Method: 195 African American and white patients
with at least 1 psychotic symptom (delusions, hallucinations, or
prominent thought disorder) at admission were recruited from
January 1, 1998, through May 31, 2001. Each patient received 3
independent DSM-IV diagnoses: a clinical diagnosis, a
structured-interview diagnosis, and an expert-consensus
diagnosis. The expert-consensus diagnoses were derived from the
structured interviews, which were audiotaped and transcribed, and
medical records. After reviewing edited transcripts and medical
records from which ethnic cues had been eliminated, 2
psychiatrists assigned expert-consensus diagnoses and first-rank
symptom ratings. For the 79 patients who received an
expert-consensus diagnosis of an affective disorder, clinical
variables, diagnoses, and first-rank symptoms were compared
between African American (N = 39) and white (N = 40) patients.
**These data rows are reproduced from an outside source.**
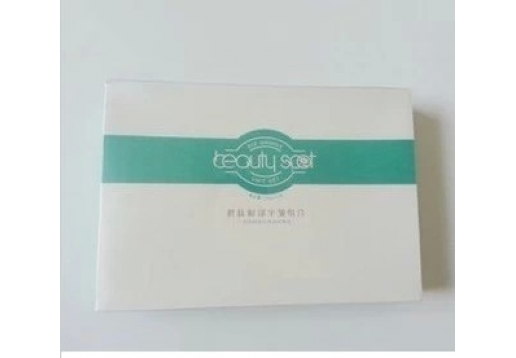 愫美地带 胜肽眼部平皱组合20ml*2（高效眼部抗皱）图片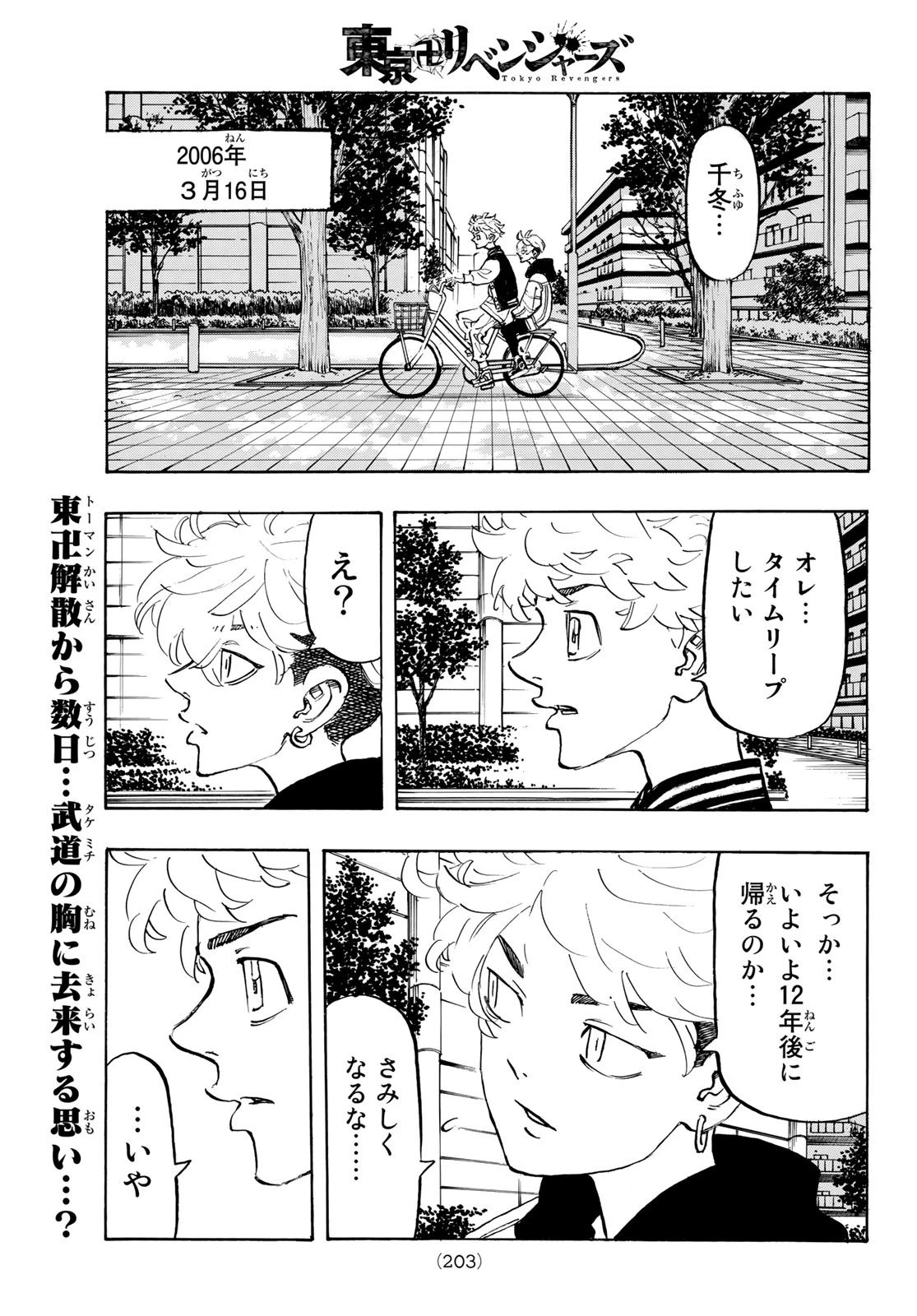 東京卍リベンジャーズ 第191話 - 1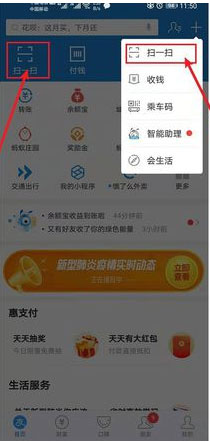 怎么給武漢捐款？支付寶給武漢捐款的方法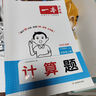 2025秋一本小學(xué)數學(xué)計算題1-6年級同步計算能力訓練100分一二三四年級數學(xué)上下冊計算能手天天練口算速算數學(xué)人教版北師版同步教材練習輔導資料3年級5年級下冊口算速算專(zhuān)項訓練題練習冊作業(yè)本書(shū)籍 正版  曬單實(shí)拍圖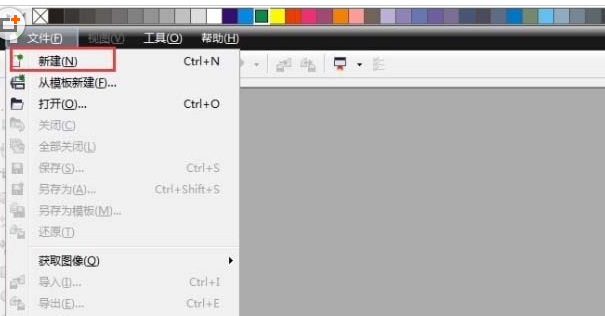 cdr制作逐渐变小圆点图案的图文操作。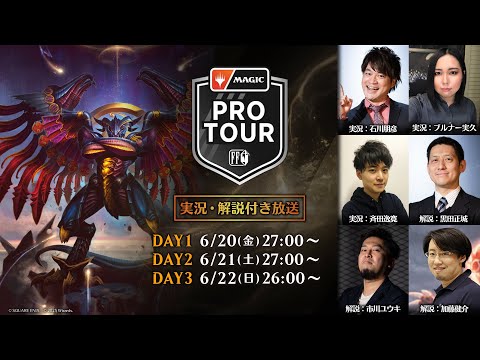 プロツアー『マジック：ザ・ギャザリング——FINAL FANTASY』DAY2（ドラフト＆スタンダード） - マジック：ザ・ギャザリング【MTG】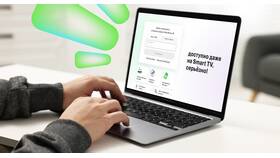 Как узнать номер МегаФон через SMS в Редмонд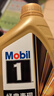 美孚（Mobil）金美孚先进全合成汽机油小金美经典表现 0W-40SP级4L汽车保养 实拍图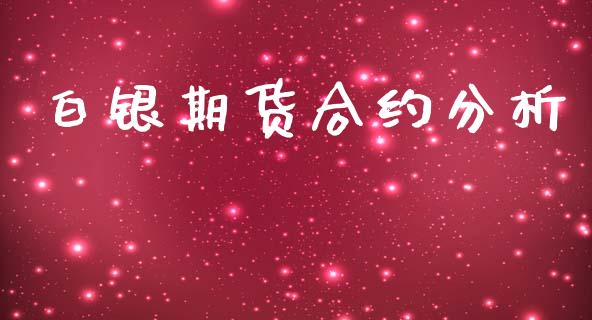 白银期货合约分析_https://www.qmgjg.com_港股恒生指数_第1张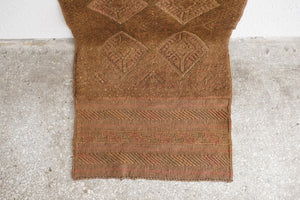 2x8 Tajik Runner | MALALA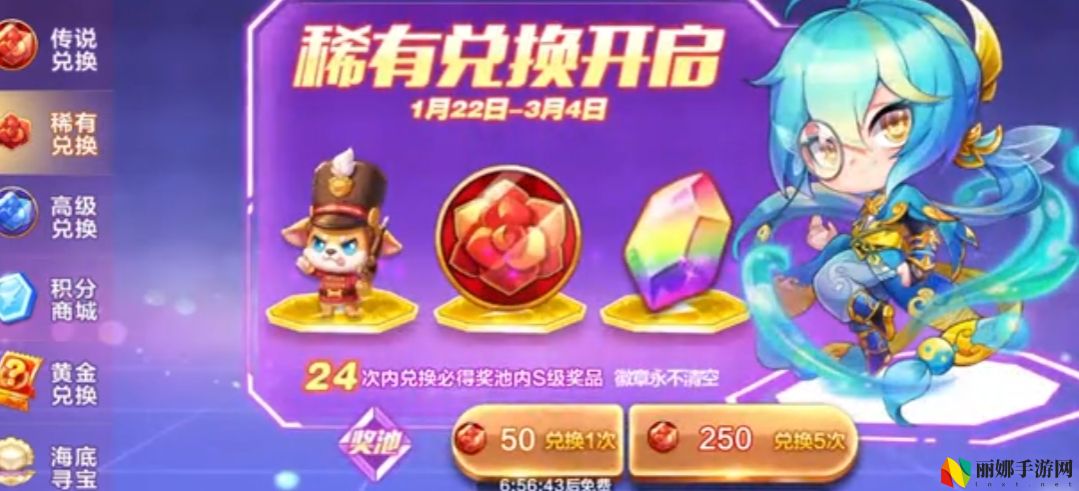 天天酷跑红水晶有什么用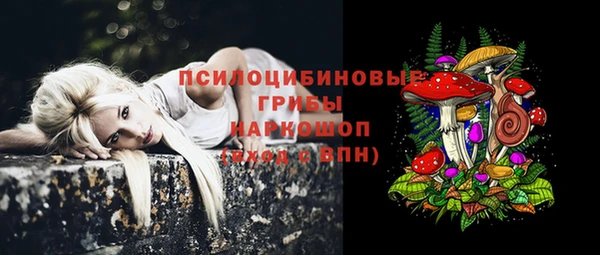 винт Верхнеуральск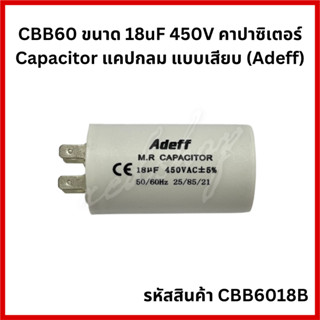 CBB60 ขนาด 18uF 450V คาปาซิเตอร์ Capacitor แคปกลม แบบเสียบ CBB6018B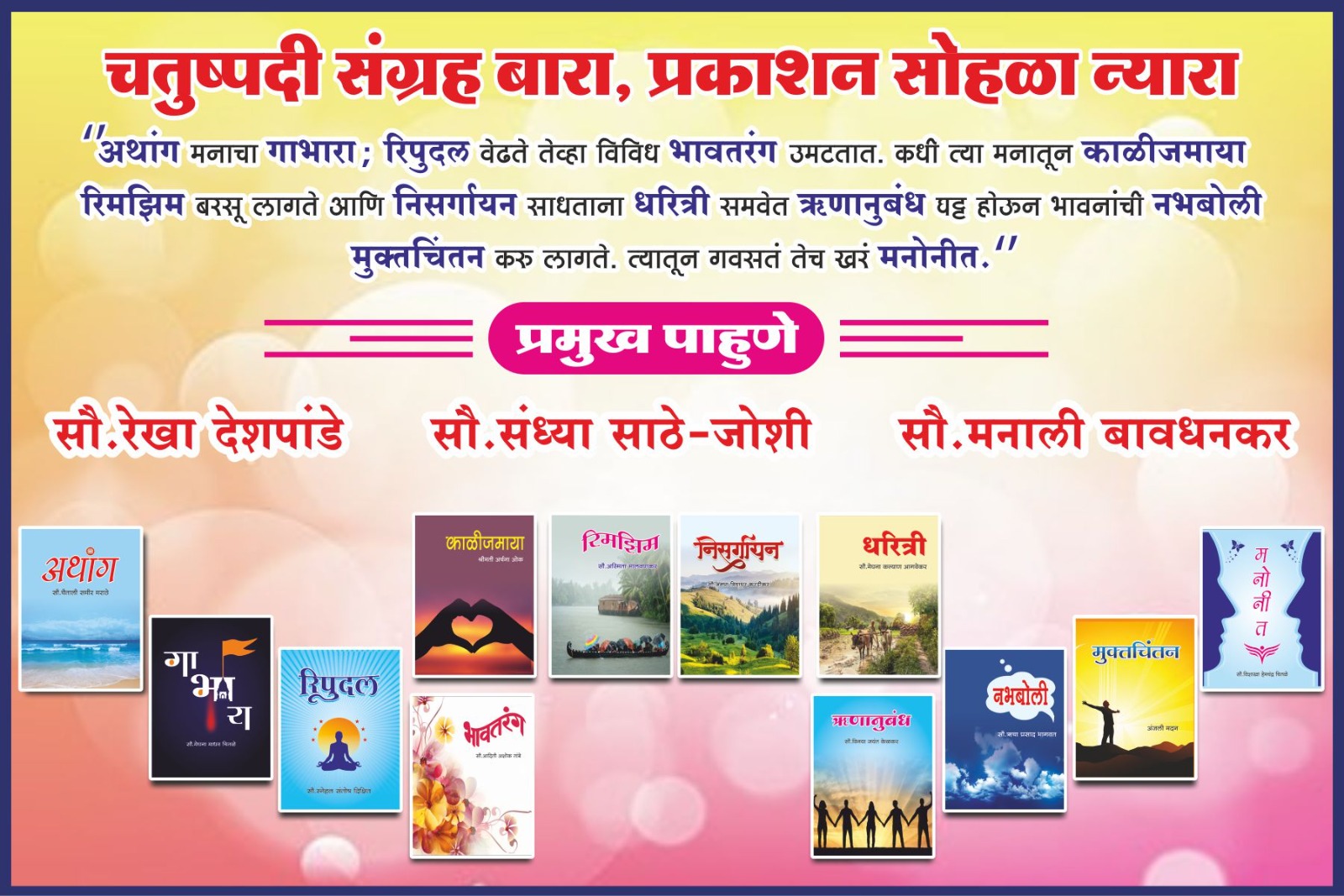 First time publication of twelve books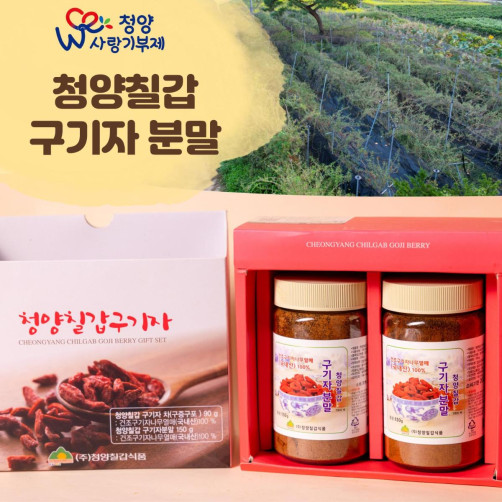 (주)강동오케익 우리쌀화련 선물세트 300g 썸네일 2
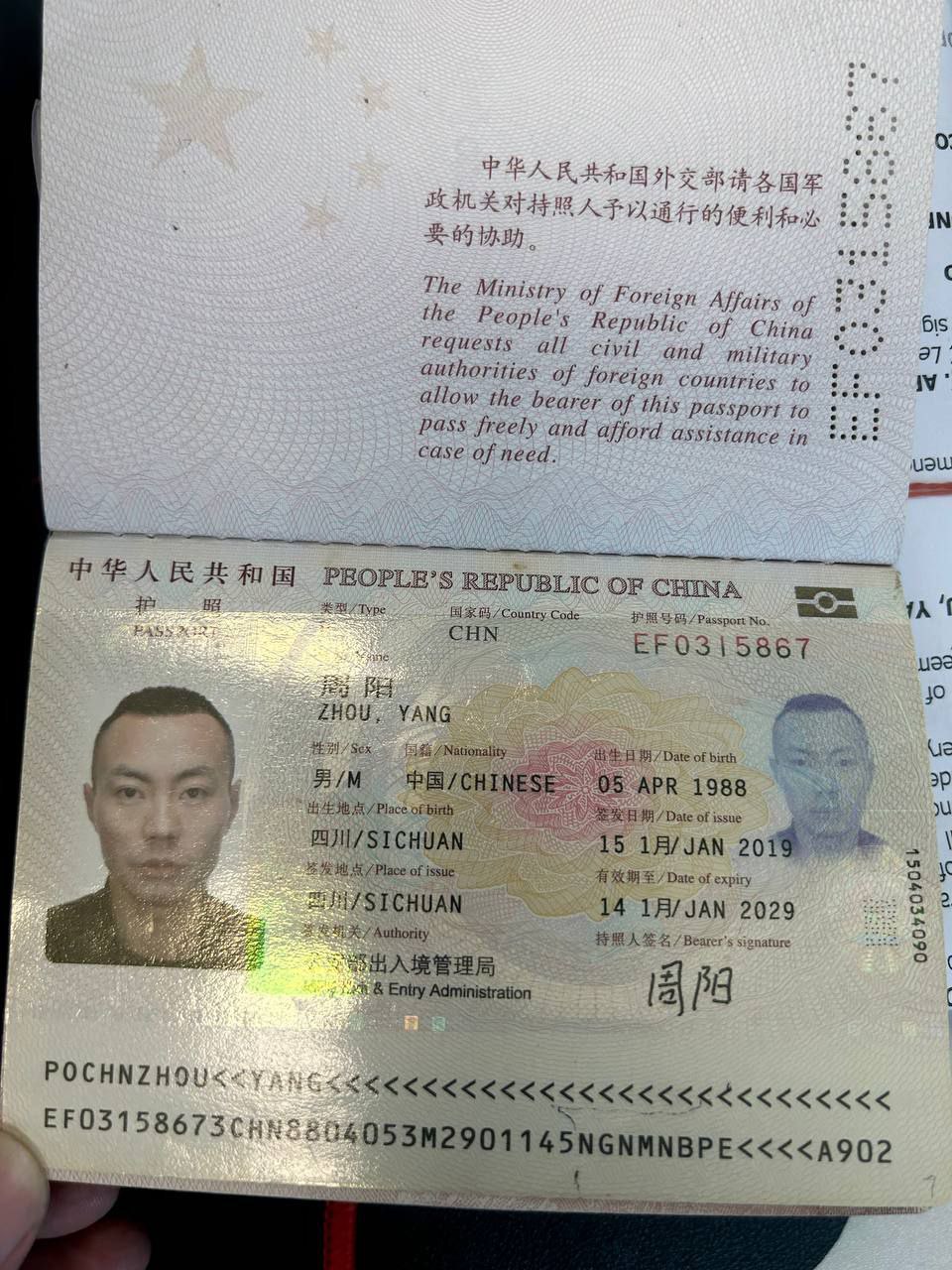 曾晓铃 #周阳 #原TZ18楼杀猪盘主管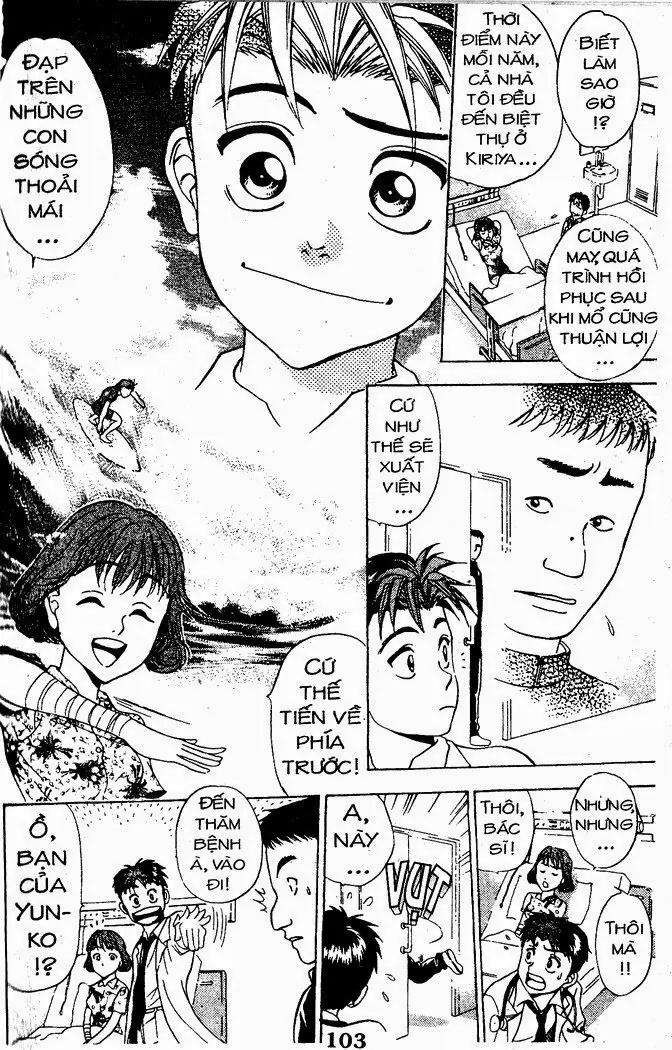 Bàn Tay Thần Sầu Teru Chapter 27 - Trang 5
Results: Seventy-nine (41%) of 195 patients were
diagnosed with an affective disorder by expert consensus. African
American men with an expert-consensus affective disorder were
significantly (p < .03) more likely than other patients to be
diagnosed with a schizophrenia spectrum disorder by clinical
assessment and structured interview. Although first-rank symptoms
were more commonly identified in African American men, this
finding did not explain the difference in diagnoses. Post hoc
analyses suggested that African American men diagnosed with a
schizophrenia spectrum disorder were more likely than other
patients to have been identified during structured interview as
having psychotic symptoms in the absence of affective symptoms.
Conclusion: The apparent misdiagnosis of
schizophrenia in African-Americans with mood disorders cannot be
ascribed to differences in first-rank symptoms. However, it may
be due to a perception that psychotic symptoms are more chronic
or persistent than affective symptoms in these patients.